O solenoide central funcionará em conjunto com seis ímãs de campo poloidal em forma de anel. O sistema de ímã pulsado totalmente montado pesará quase 3.000 toneladas, funcionando como o coração eletromagnético do reator em formato de rosca do ITER, chamado tokamak.
Em plena operação, espera-se que o ITER produza 500 megawatts de energia de fusão a partir de apenas 50 megawatts de potência de aquecimento de entrada, um ganho de dez vezes. Nesse nível de eficiência, a reação de fusão se aquece automaticamente em grande parte, virando um "plasma em combustão".
LaChaise destacou a extraordinária escala e complexidade do projeto. "Alguns componentes são tão grandes que tivemos que construir fábricas diretamente no local, no sul França. Transportá-los, mesmo pelas principais rodovias, teria sido impossível".
Ao integrar todos os sistemas necessários para a fusão em escala industrial, o ITER está servindo como um enorme e complexo laboratório de pesquisa para seus mais de 30 países membros, fornecendo o conhecimento e os dados necessários para otimizar a energia de fusão comercial.
"A fusão não é apenas para energia, ela representa um enorme potencial de mercado. A fusão está dando origem a tecnologias derivadas que nem imaginávamos", disse Bhattacharya.
MAPEANDO TERRITÓRIOS INEXPLORADOS
A visão de aproveitar a fusão nuclear, o próprio processo que alimenta o Sol, tem sido descrita há muito tempo como o sonho da humanidade. Para o diretor-geral do ITER, Barabaschi, é como "atear fogo pela segunda vez na história da humanidade".
"Mas desta vez, não é um fogo químico como nossos ancestrais descobriram há milhares de anos.

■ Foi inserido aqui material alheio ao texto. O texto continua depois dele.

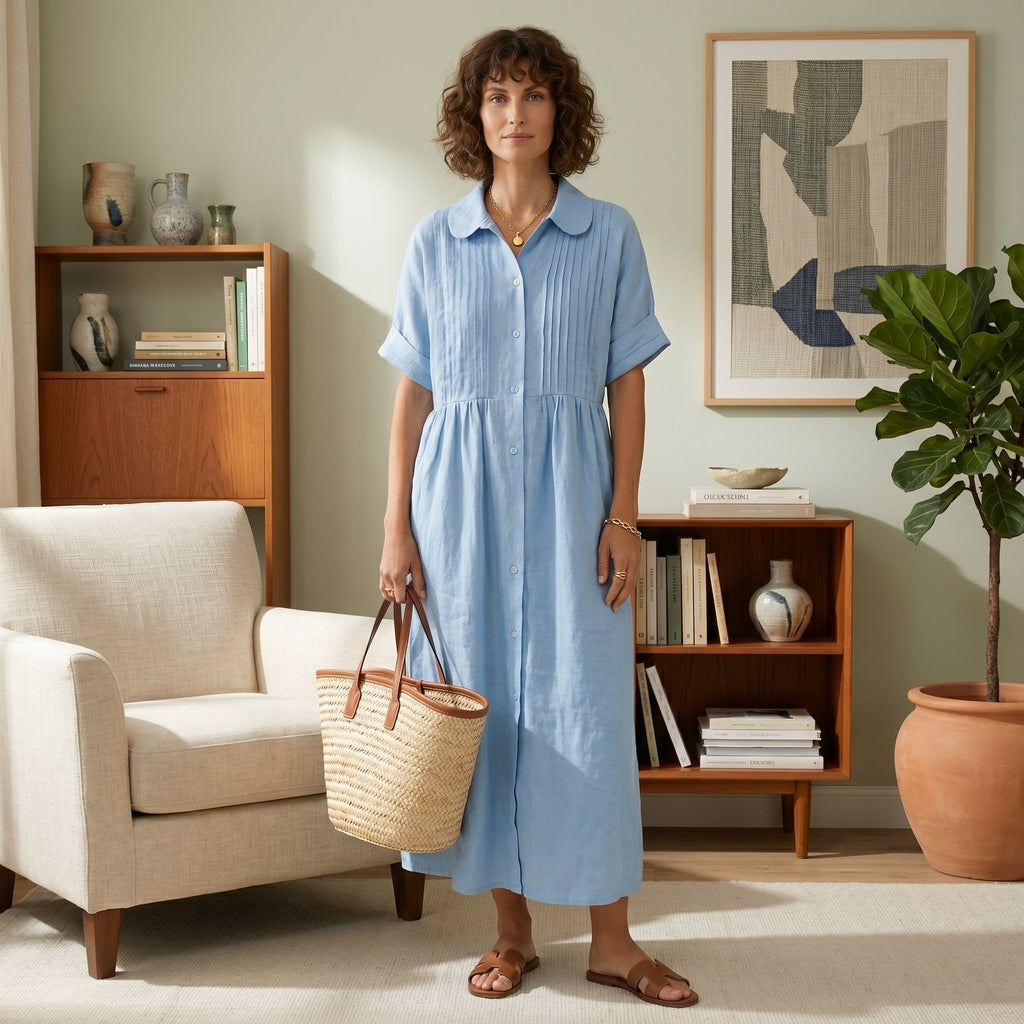 Margarita | Vestido Largo Camisero de Lino Mujer Pliegues Frontales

É o fogo que nasce da fusão de núcleos leves: o fogo nuclear", disse Barabaschi.
O objetivo do ITER é alcançar a produção de energia de fusão na escala de uma usina comercial, abrindo caminhos na ciência da fusão e demonstrando a viabilidade da tecnologia de reatores de fusão.
No entanto, a jornada rumo a essa nova fronteira não é simples. No cerne do grande desafio está a necessidade de criar e manter o plasma a temperaturas de 150 milhões de graus Celsius, dez vezes mais quente que o núcleo do Sol.
"De certa forma, estamos recriando as condições do Sol na Terra", disse Barabaschi.
O progresso do ITER ocorre em um momento crítico para o planeta. "A mudança climática é real e vai acontecer", disse Coblentz. "Quanto mais tempo levarmos para encontrar métodos eficazes de combate à mudança climática, mais extrema ela for e, portanto, mais precisaremos da fusão".
"É realmente uma fronteira da ciência", acrescentou ele. "Estamos vendo a ciência básica e a inovação tecnológica pioneira se desenvolverem juntas".
No entanto, Barabaschi destacou que, embora a promessa da fusão seja imensa, ela não é uma solução imediata. Ele afirmou que o desenvolvimento do projeto ITER em uma era de mudanças climáticas é significativo a longo prazo.
"Não acredito que as tecnologias que estamos construindo chegarão em breve. Quando se trata de mudanças climáticas, precisamos nos apressar na implementação das tecnologias que já temos", observou ele.
Conforme o ITER avança, suas conquistas científicas e tecnológicas não estão apenas desbravando novos territórios para a energia, mas também oferecendo esperança de que a humanidade possa se unir para superar seus maiores desafios.